The input ::
---------------
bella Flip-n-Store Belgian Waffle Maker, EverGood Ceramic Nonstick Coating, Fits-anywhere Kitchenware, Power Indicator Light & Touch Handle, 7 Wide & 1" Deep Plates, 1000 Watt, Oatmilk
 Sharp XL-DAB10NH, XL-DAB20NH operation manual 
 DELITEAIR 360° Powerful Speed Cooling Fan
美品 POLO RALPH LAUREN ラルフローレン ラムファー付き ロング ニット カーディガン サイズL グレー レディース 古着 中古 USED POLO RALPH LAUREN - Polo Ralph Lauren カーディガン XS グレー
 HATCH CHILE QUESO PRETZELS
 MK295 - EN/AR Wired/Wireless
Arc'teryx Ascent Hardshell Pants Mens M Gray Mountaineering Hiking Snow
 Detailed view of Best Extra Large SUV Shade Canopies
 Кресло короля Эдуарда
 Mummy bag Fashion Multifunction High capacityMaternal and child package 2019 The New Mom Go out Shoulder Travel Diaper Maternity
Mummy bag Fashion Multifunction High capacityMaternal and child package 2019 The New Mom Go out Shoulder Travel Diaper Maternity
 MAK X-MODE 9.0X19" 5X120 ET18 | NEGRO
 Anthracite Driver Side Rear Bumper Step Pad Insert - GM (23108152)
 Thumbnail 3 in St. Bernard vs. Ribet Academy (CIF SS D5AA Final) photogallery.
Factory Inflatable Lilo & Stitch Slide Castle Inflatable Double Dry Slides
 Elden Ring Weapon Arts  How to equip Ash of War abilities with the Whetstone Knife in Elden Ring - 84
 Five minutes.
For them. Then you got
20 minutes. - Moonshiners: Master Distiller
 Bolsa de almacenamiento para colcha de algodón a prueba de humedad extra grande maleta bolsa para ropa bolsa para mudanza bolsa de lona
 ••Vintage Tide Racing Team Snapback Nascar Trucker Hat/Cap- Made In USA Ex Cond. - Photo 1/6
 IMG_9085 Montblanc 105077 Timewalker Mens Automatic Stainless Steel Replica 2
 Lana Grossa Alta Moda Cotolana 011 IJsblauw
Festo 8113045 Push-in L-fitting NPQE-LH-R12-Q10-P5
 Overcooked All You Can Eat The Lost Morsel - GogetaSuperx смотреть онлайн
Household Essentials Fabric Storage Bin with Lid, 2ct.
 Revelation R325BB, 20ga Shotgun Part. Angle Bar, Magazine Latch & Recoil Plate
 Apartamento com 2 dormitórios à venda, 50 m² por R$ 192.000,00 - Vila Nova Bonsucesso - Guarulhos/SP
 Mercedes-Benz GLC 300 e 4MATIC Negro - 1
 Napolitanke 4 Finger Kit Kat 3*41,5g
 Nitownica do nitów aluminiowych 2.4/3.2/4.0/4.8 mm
---------------
Exercise aim ::
From the beginning of the listing above down to the line with "Lana Grossa Alta Moda Cotolana 011 IJsblauw", every line should be restated exactly.

Task solution ::
bella Flip-n-Store Belgian Waffle Maker, EverGood Ceramic Nonstick Coating, Fits-anywhere Kitchenware, Power Indicator Light & Touch Handle, 7 Wide & 1" Deep Plates, 1000 Watt, Oatmilk
 Sharp XL-DAB10NH, XL-DAB20NH operation manual 
 DELITEAIR 360° Powerful Speed Cooling Fan
美品 POLO RALPH LAUREN ラルフローレン ラムファー付き ロング ニット カーディガン サイズL グレー レディース 古着 中古 USED POLO RALPH LAUREN - Polo Ralph Lauren カーディガン XS グレー
 HATCH CHILE QUESO PRETZELS
 MK295 - EN/AR Wired/Wireless
Arc'teryx Ascent Hardshell Pants Mens M Gray Mountaineering Hiking Snow
 Detailed view of Best Extra Large SUV Shade Canopies
 Кресло короля Эдуарда
 Mummy bag Fashion Multifunction High capacityMaternal and child package 2019 The New Mom Go out Shoulder Travel Diaper Maternity
Mummy bag Fashion Multifunction High capacityMaternal and child package 2019 The New Mom Go out Shoulder Travel Diaper Maternity
 MAK X-MODE 9.0X19" 5X120 ET18 | NEGRO
 Anthracite Driver Side Rear Bumper Step Pad Insert - GM (23108152)
 Thumbnail 3 in St. Bernard vs. Ribet Academy (CIF SS D5AA Final) photogallery.
Factory Inflatable Lilo & Stitch Slide Castle Inflatable Double Dry Slides
 Elden Ring Weapon Arts  How to equip Ash of War abilities with the Whetstone Knife in Elden Ring - 84
 Five minutes.
For them. Then you got
20 minutes. - Moonshiners: Master Distiller
 Bolsa de almacenamiento para colcha de algodón a prueba de humedad extra grande maleta bolsa para ropa bolsa para mudanza bolsa de lona
 ••Vintage Tide Racing Team Snapback Nascar Trucker Hat/Cap- Made In USA Ex Cond. - Photo 1/6
 IMG_9085 Montblanc 105077 Timewalker Mens Automatic Stainless Steel Replica 2
 Lana Grossa Alta Moda Cotolana 011 IJsblauw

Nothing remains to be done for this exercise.